What are the lines from the one containing "will not allow" through the last line of the records below? Return them exactly, leaving out pictures.

■ ■ ■ ■

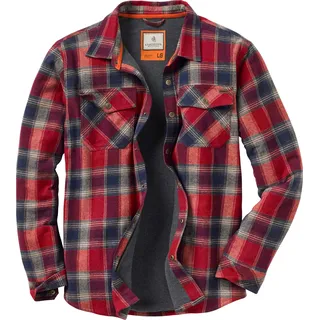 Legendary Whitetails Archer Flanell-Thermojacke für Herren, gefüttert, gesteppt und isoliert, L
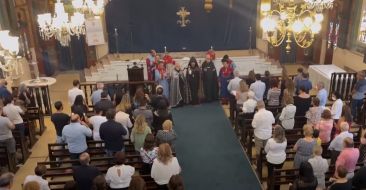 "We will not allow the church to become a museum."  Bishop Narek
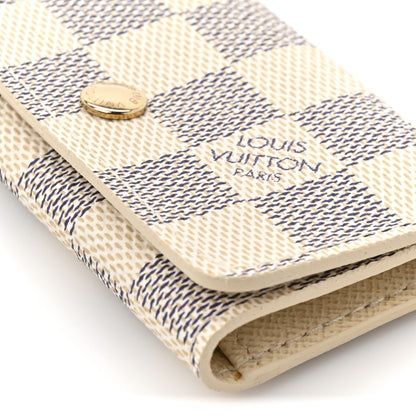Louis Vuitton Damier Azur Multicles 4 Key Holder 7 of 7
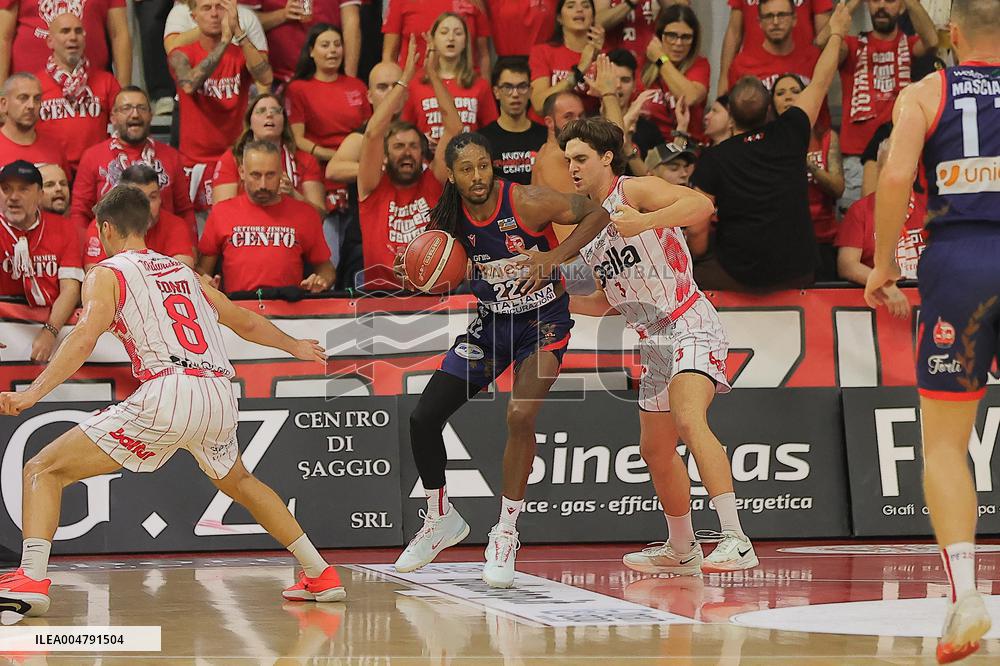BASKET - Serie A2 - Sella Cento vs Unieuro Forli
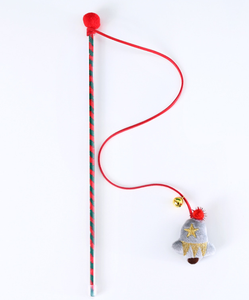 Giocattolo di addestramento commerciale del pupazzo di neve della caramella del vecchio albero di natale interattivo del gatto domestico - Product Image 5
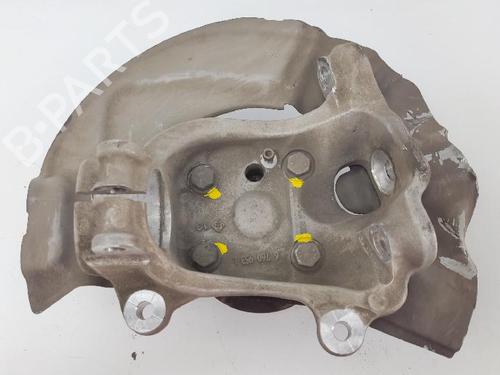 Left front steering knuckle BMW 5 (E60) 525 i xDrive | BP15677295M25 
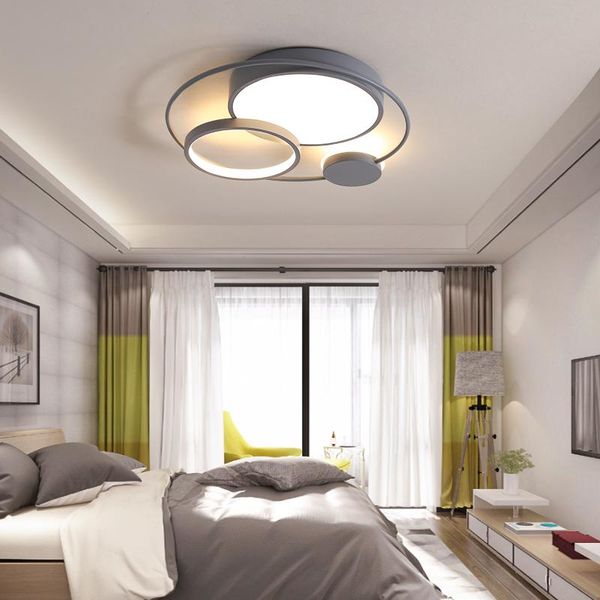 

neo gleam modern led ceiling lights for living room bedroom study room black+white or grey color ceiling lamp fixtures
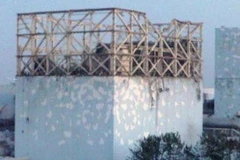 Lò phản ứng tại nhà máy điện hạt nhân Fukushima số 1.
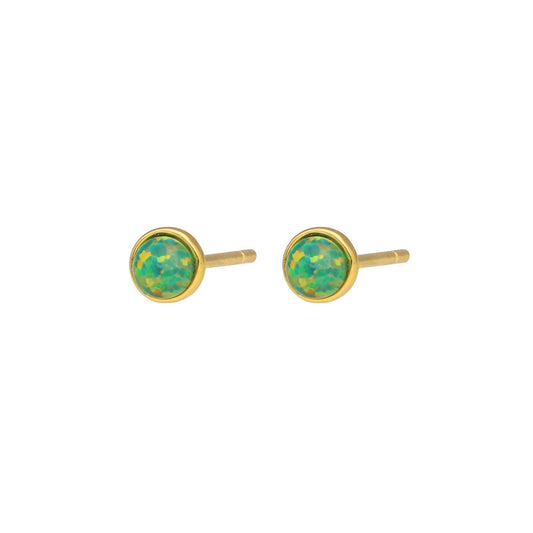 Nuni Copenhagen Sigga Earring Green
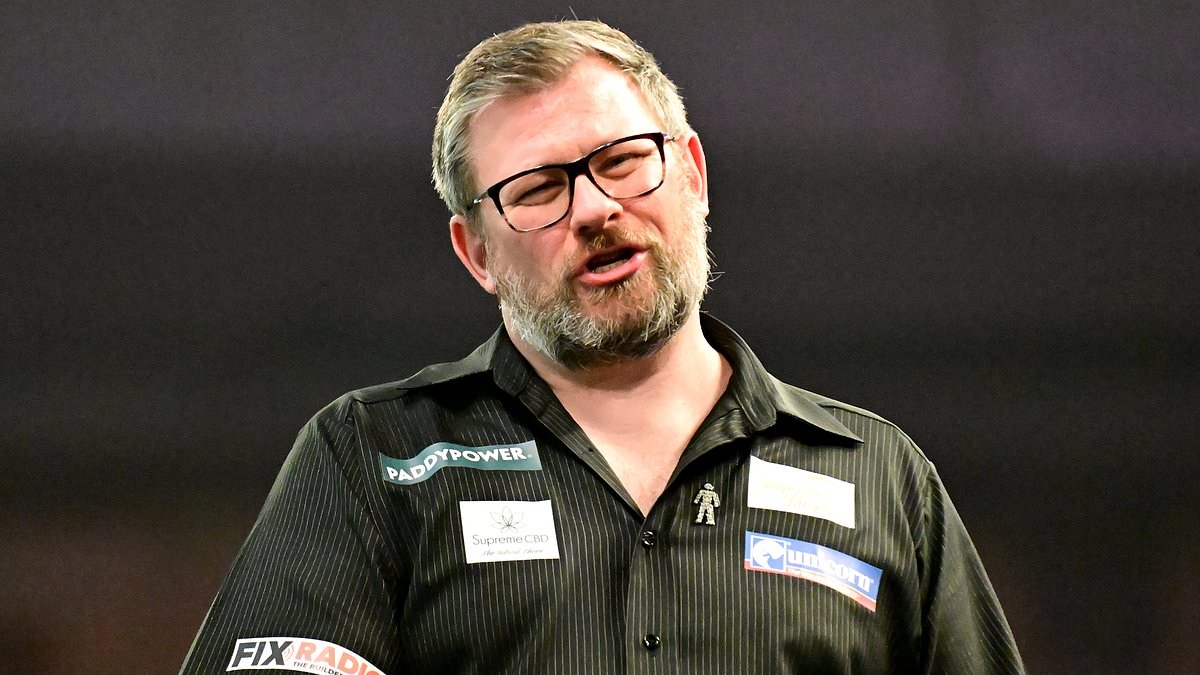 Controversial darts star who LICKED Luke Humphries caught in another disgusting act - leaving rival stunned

■ ■ ■ ■

== Response area ==
 "We will not allow the church to become a museum."  Bishop Narek
Louis Vuitton Damier Azur Multicles 4 Key Holder 7 of 7
BASKET - Serie A2 - Sella Cento vs Unieuro Forli
 Giocattolo di addestramento commerciale del pupazzo di neve della caramella del vecchio albero di natale interattivo del gatto domestico - Product Image 5
 Left front steering knuckle BMW 5 (E60) 525 i xDrive | BP15677295M25 

neo gleam modern led ceiling lights for living room bedroom study room black+white or grey color ceiling lamp fixtures
 Lò phản ứng tại nhà máy điện hạt nhân Fukushima số 1.
 Nuni Copenhagen Sigga Earring Green
 Controversial darts star who LICKED Luke Humphries caught in another disgusting act - leaving rival stunned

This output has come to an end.